What to work on: Leaving out all pictures, copy the lines below exactly, from the line with "Шорты Supreme Embroidered" to the last line, both ends included.

*** Opening of Source information ***

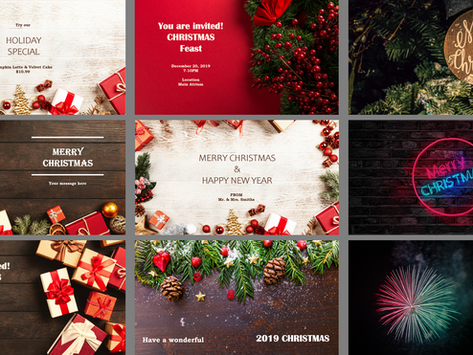 Free Christmas & New Year Templates for Digital Signs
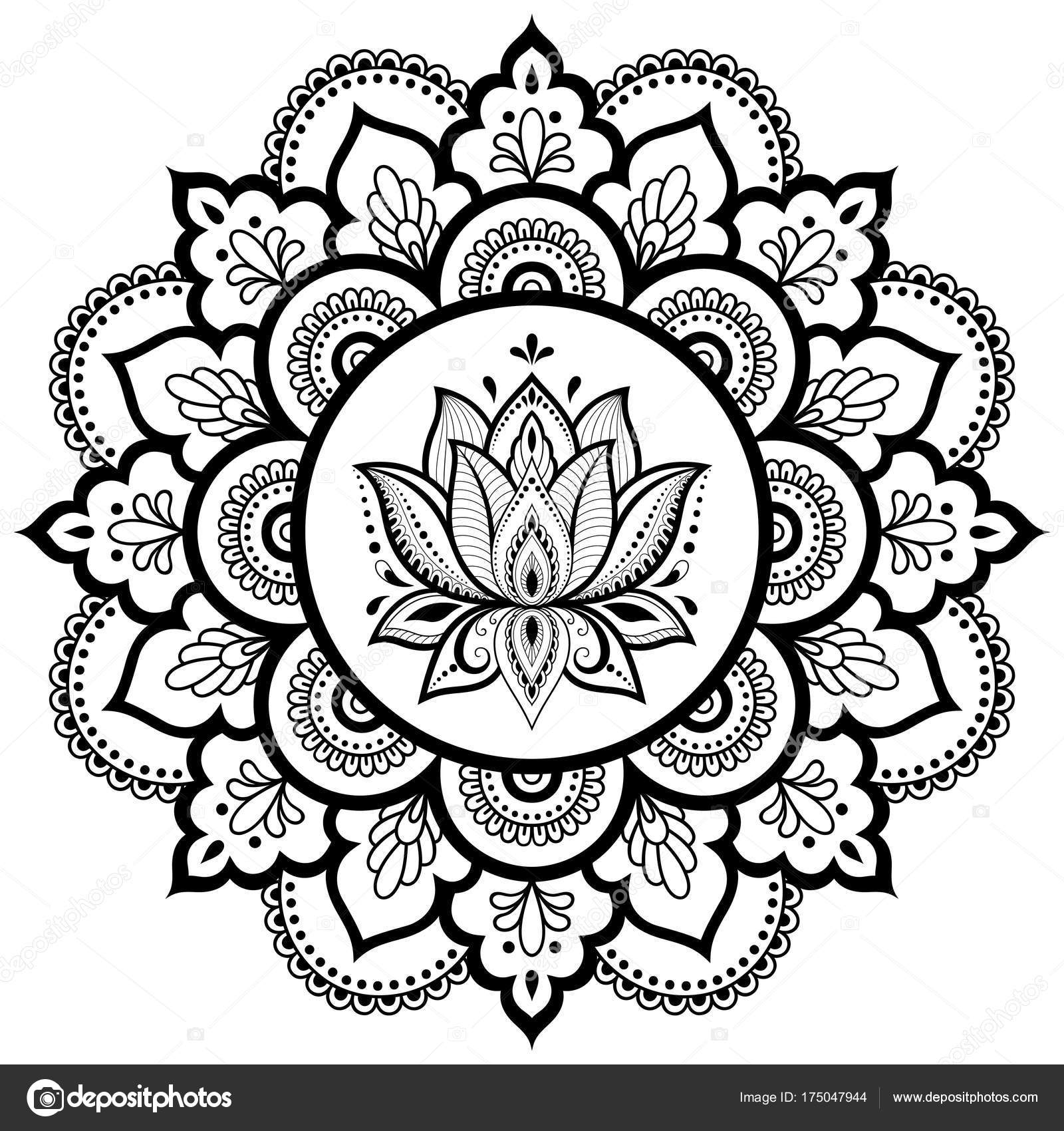 在形式的曼荼罗的圆形图案指甲花纹身曼荼罗曼海蒂风格在东方风格的装饰图案着色书页 图库矢量图像 C Rugame Tera Gmail Com 在形式的曼荼罗的圆形图案指甲花纹身曼荼罗曼海蒂风格在东方风格的装饰图案着色书页 图库矢量图像 C Rugame Tera Gmail Com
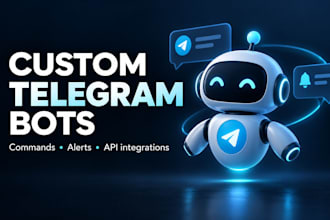 build a custom telegram bot with commands and API integration
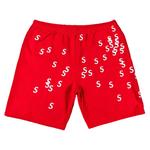 Шорты Supreme Embroidered S Sweatshort 'Red' 1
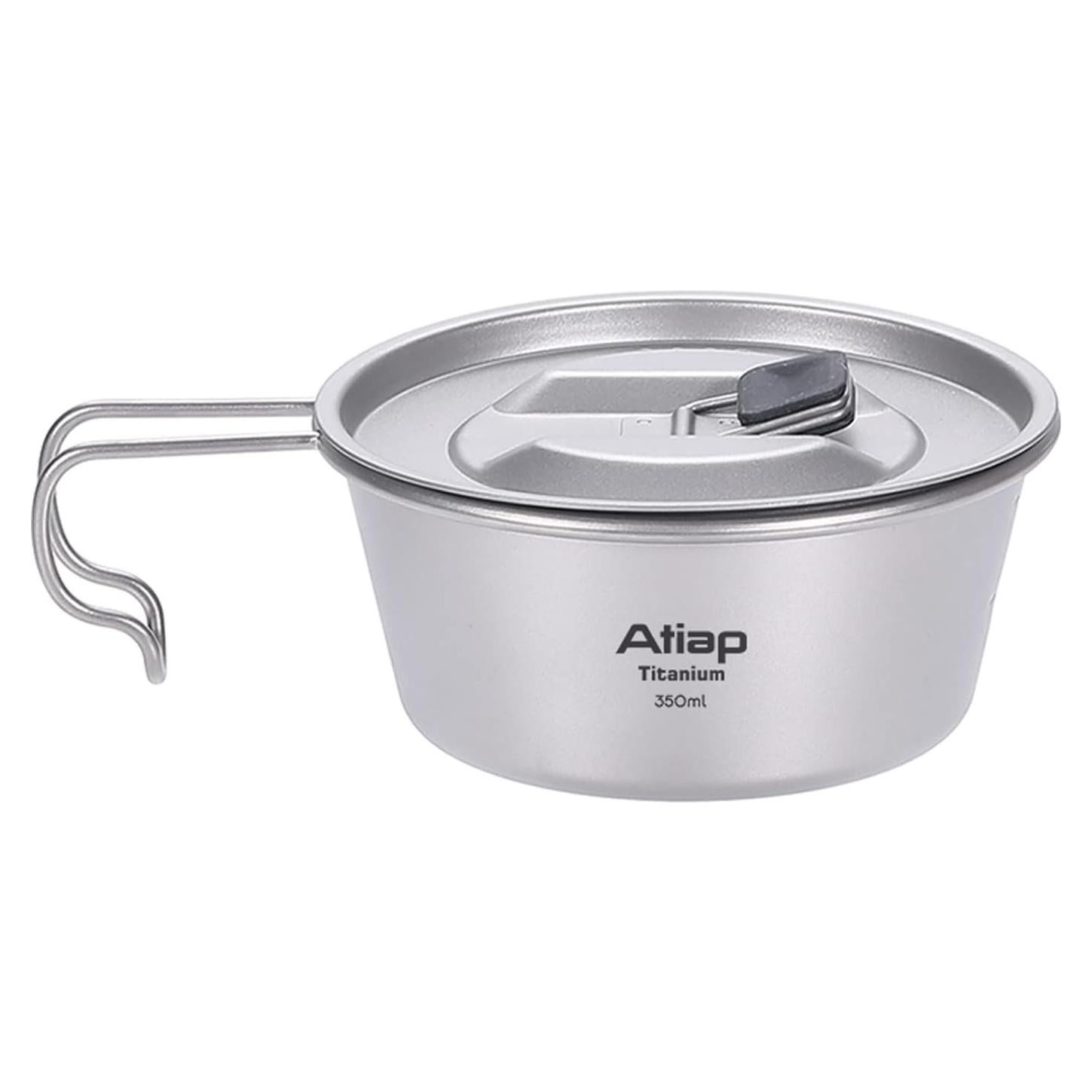 Cuenco Plegable Titanio ATiAP 350ml para Camping y Picnic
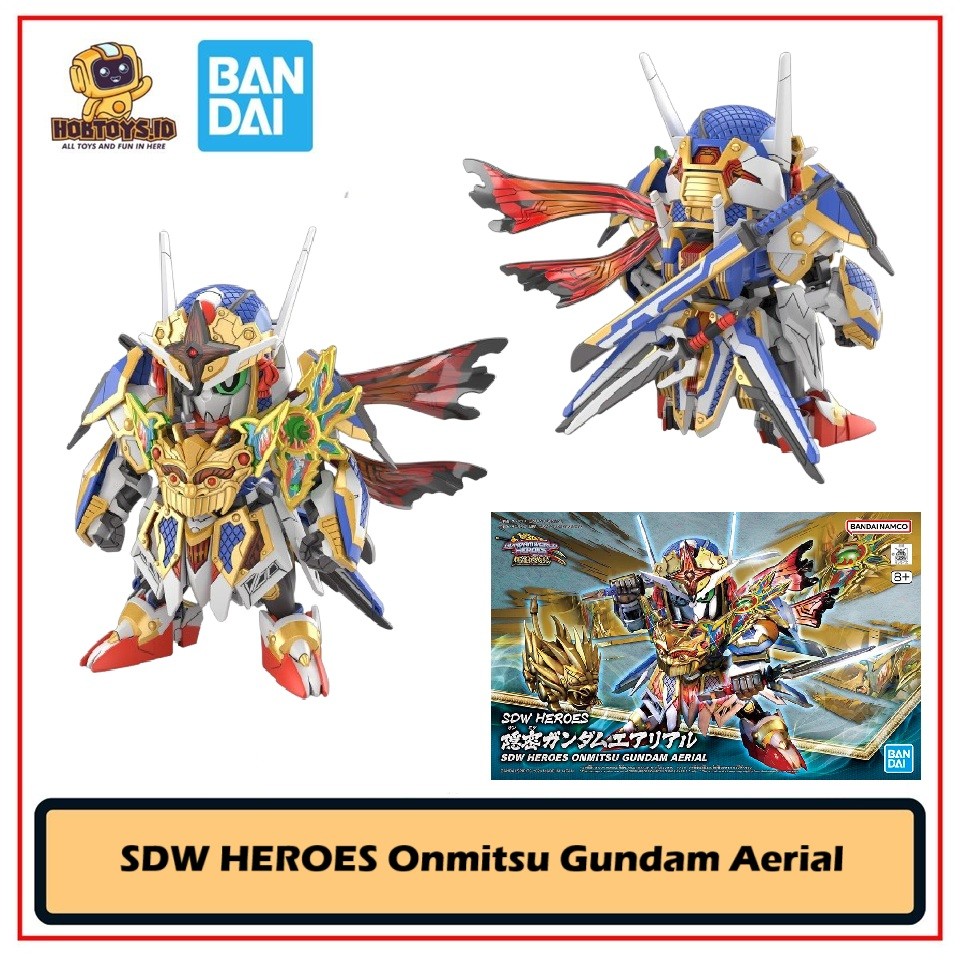 SDW HEROES Onmitsu Gundam Aerial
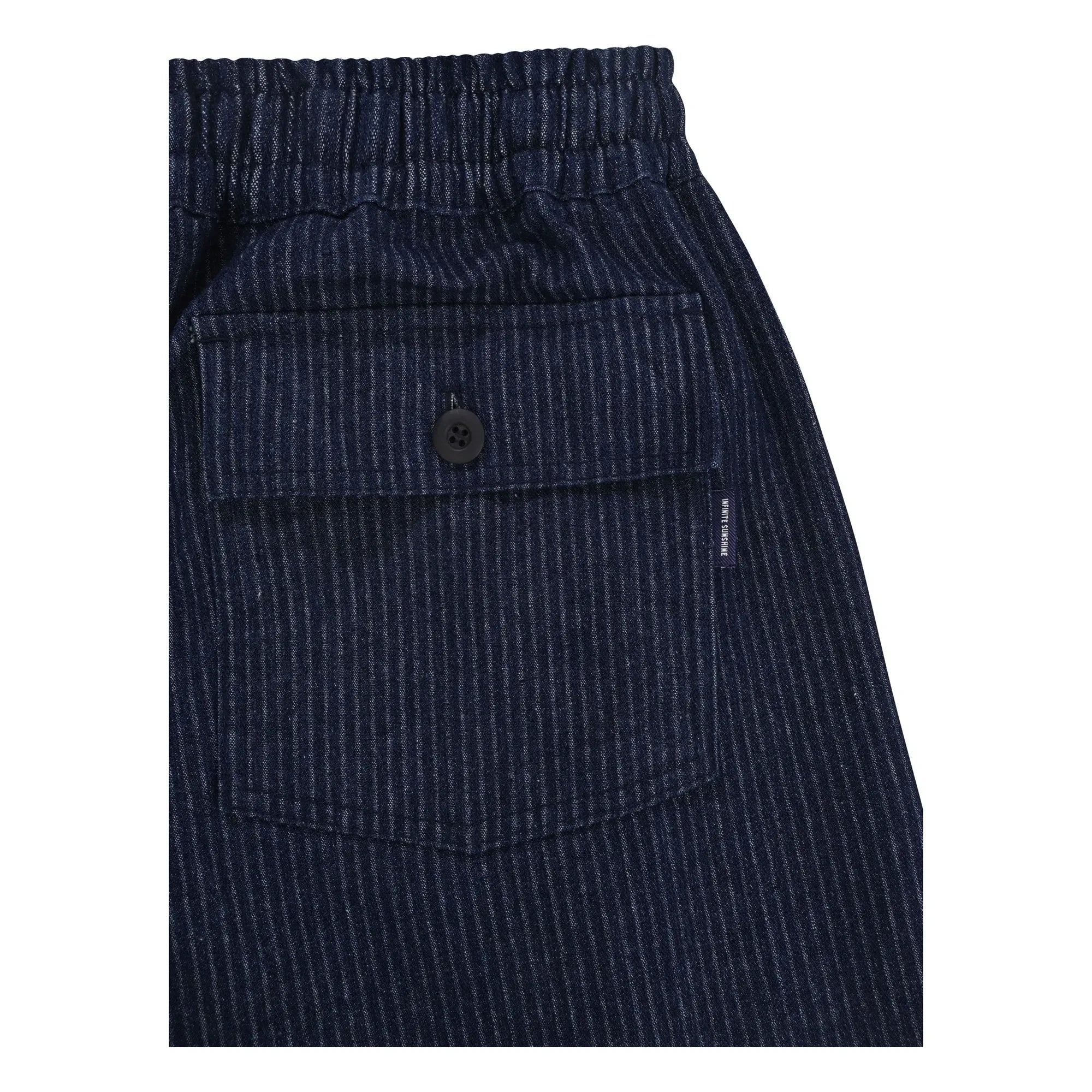 Kappy - Yorgun Denim Çizgili Pantolon | Indigo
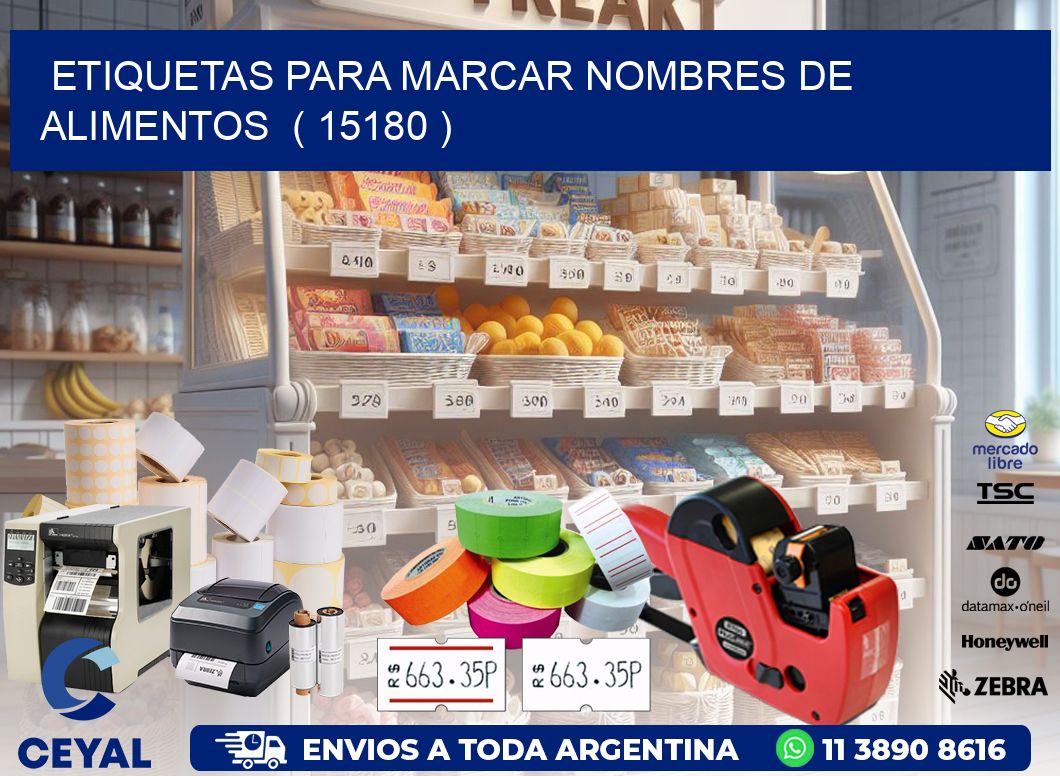 ETIQUETAS PARA MARCAR NOMBRES DE ALIMENTOS  ( 15180 )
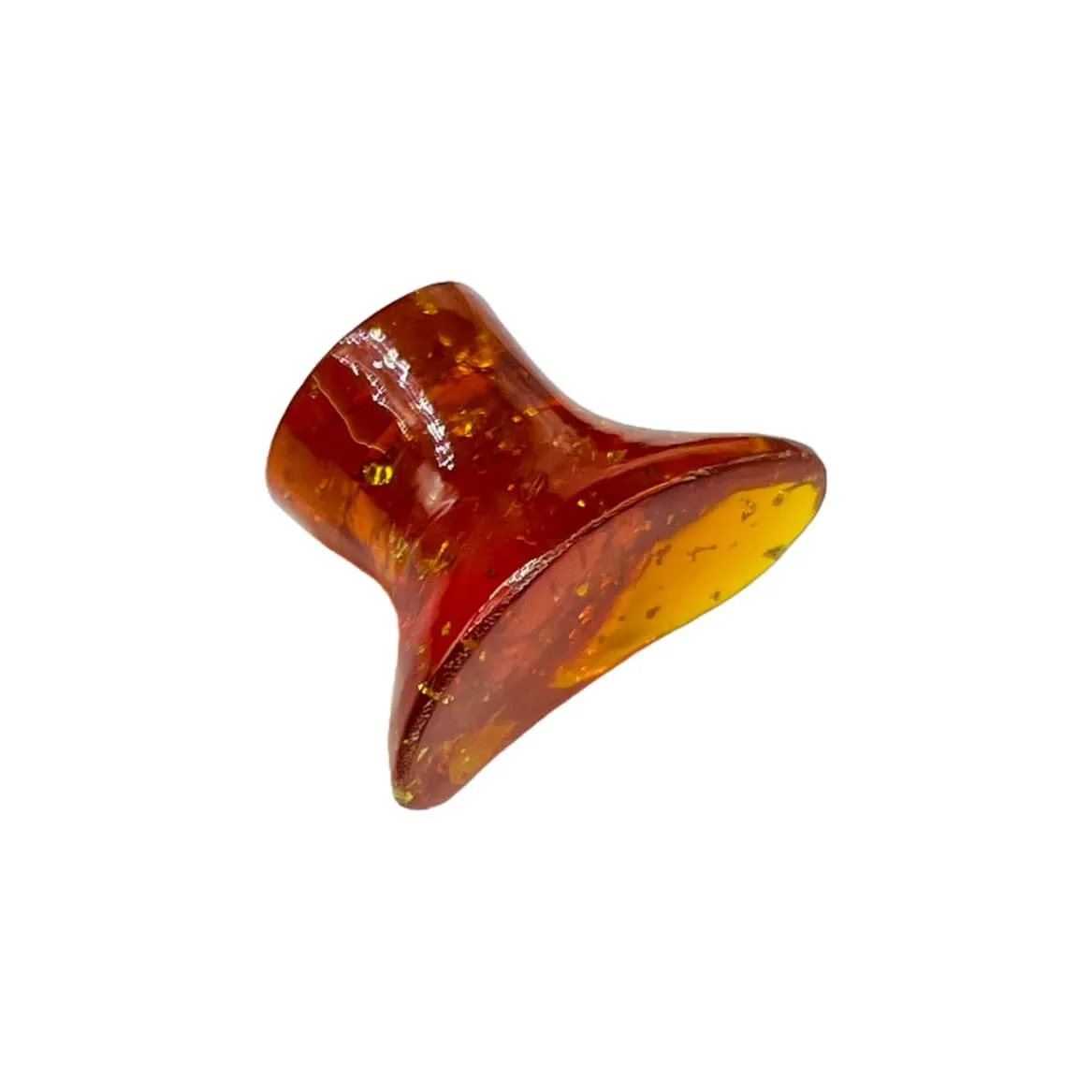 Uni Craft's Amber Stone Naga Body Jewelry Labret Plug Gauges, 12g (2mm) to 30mm (1 (25 mm))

*** Close of Source information ***

Answer to this problem:
 Шорты Supreme Embroidered S Sweatshort 'Red' 1
 Cuenco Plegable Titanio ATiAP 350ml para Camping y Picnic
 SDW HEROES Onmitsu Gundam Aerial
 Kappy - Yorgun Denim Çizgili Pantolon | Indigo
 ETIQUETAS PARA MARCAR NOMBRES DE ALIMENTOS  ( 15180 )
 Uni Craft's Amber Stone Naga Body Jewelry Labret Plug Gauges, 12g (2mm) to 30mm (1 (25 mm))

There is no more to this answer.